When Dash goes missing the readers are equally unsure what might’ve happened to him. It doesn’t look good even before his disappearance is complicated by the arrival of criminals breaking-into the Pearl’s home in a pretty scary sequence that leaves Sum, Early and Jubie without wallet or home. We are quickly introduced to the everyday realities of families who haven’t had it as good as the Pearl’s. The neighbor lady (whom they only know by sight) and others are surprised by Sum’s ignorance of how to navigate social rescue/welfare organizations and numbers. Worse is when profiling really kicks in by our greater institutions—and noticeably not by the homeless shelter workers.

“Something terrible has happened to keep my husband away, we’re terrified, have had to leave our home, have been robbed, lost our savings, and our family has done nothing wrong. Now, aren’t the police supposed to protect people like us?” (72)

“I realized something awful in that room today. That when you’re this poor and without money or an address, hardly anyone thinks you’re worth listening to or helping. Just the words living in a shelter make you you someone the police aren’t too worried about, less than your average citizen when it comes to rights. And now that Dash is missing, the fact that he’d been a man with a job, a family, and a home doesn’t seem to count. Seeing how excited the detectives were about [spoiler], I knew they cared more about [spoiler] than the man. Or us.” (132)

Early’s response to the latter being the understatement of the year: “Dang,” Early said, swallowing hard. “That’s scary.” It is of interest that the mother’s realization is expressed well after Early’s experience at school where children can be really cruel and adults can be inept. Children see and know more than they are often credited. And their resilience is not an excuse to continue to ignore their vulnerabilities.
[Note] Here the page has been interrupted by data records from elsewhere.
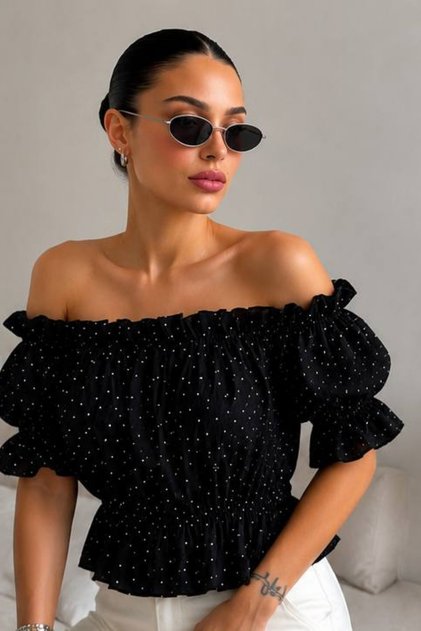 Kadın Lastik Detaylı Madonna Bluz
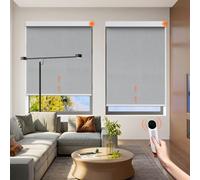 Motorized Blinds with Remote, 100% Blackout Roller Shades, Cordless Smart Blinds for Indoor Windows, Customized Electric Window Shades Compatible with Alexa Google Homekit, White 34W X 72H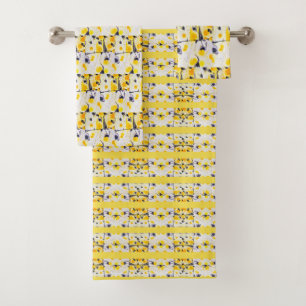 Ensemble de serviettes d'impression noir et jaune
The novel clings to the compassionate as it collides with the hardness of people and life. Balliett moves the reader in thoughtful ways, using the mystery and Early’s youth and smarts to guide the reader through a book that refuses to look away from its subjects. I love how authors employ humor to counter-weigh the complex and often ugly moments of a book, but I savor and admire the juvenile fiction author who can rely on other, rarer, charms. Balliett threads hope to counter-weigh, she employs a light, and this is a different smile, and it comes before the story’s end.
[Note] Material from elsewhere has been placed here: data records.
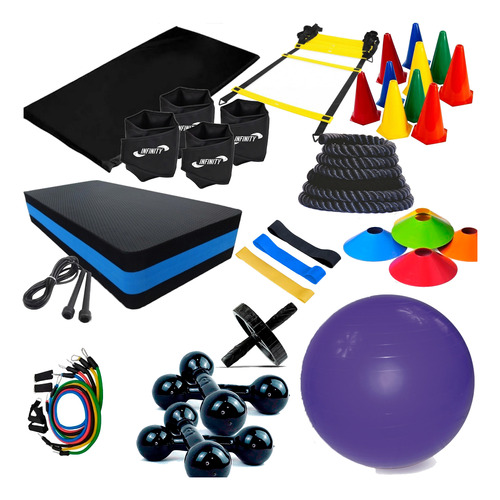 Kit Treino Step + Escada Agilidade+acessórios Fit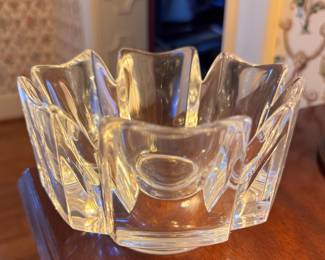 Orrefors Corona Crystal Bowl. Measures 3.5" H x 6" D. Photo 1 of 2.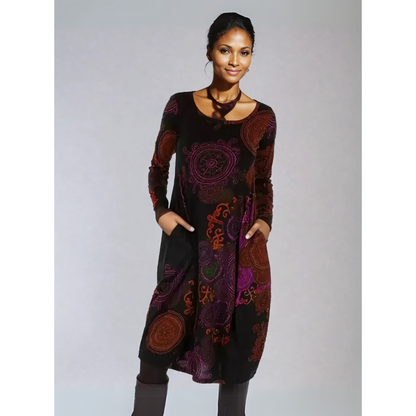 Vestido midi mujer manga larga estilo bohemio estampado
The structure of the novel is of import to the pacing of its heart-felt, brain-felt 274 pages. The Pearls, we learn, keep a notebook of onomatopoeia. The chapters (but for the first and last) are named after “C” words that are onomatopoeia. Each have smaller sections that begin with each word and hold thematically. The breaks move and relieve the reader along a linear timeline of the 3rd-person limited variety. We follow Early who uses words and rhythms in ways the book demonstrates. Each of those “C” words come with definitions where in the chapters reiterate their meaning. Early shares words, the author introduces each character with the intention of their names. Dashel “Dash” (p 15) increases with significance in characterization—and in light of the title: Hold Fast. And of course, that opening definition and intention that opens the novel grounds everything:

“Home, from the Middle English hom and Old English ham. Noun: a place to live by choice, sometimes with family or friends; a haven; a place of origin, comfort, and often of valued memories.

“By the end of the 2012 school year, an estimated thirty thousand children in the city of Chicago were without a home. This number does not include those living in the surrounding suburbs, and is thought to be low.”

According to the “Acknowledgment” at the end of the book (after p 274), Balliett did a lot of research, talked to a lot of people. The novel would portray a sense of what homelessness would look like for Early and her mother and brother, and touch on the experiences of other’s situations with equal gravity. Some of the compositions are stark, others strongly inferred, and all of it touching.

“Facts on the homeless vary, depending on what you read and how statistics are collected and presented. Shelter rules also vary. Not to be questioned, however, are the harsh realities of homelessness. Sadly, they have nothing to do with fiction.”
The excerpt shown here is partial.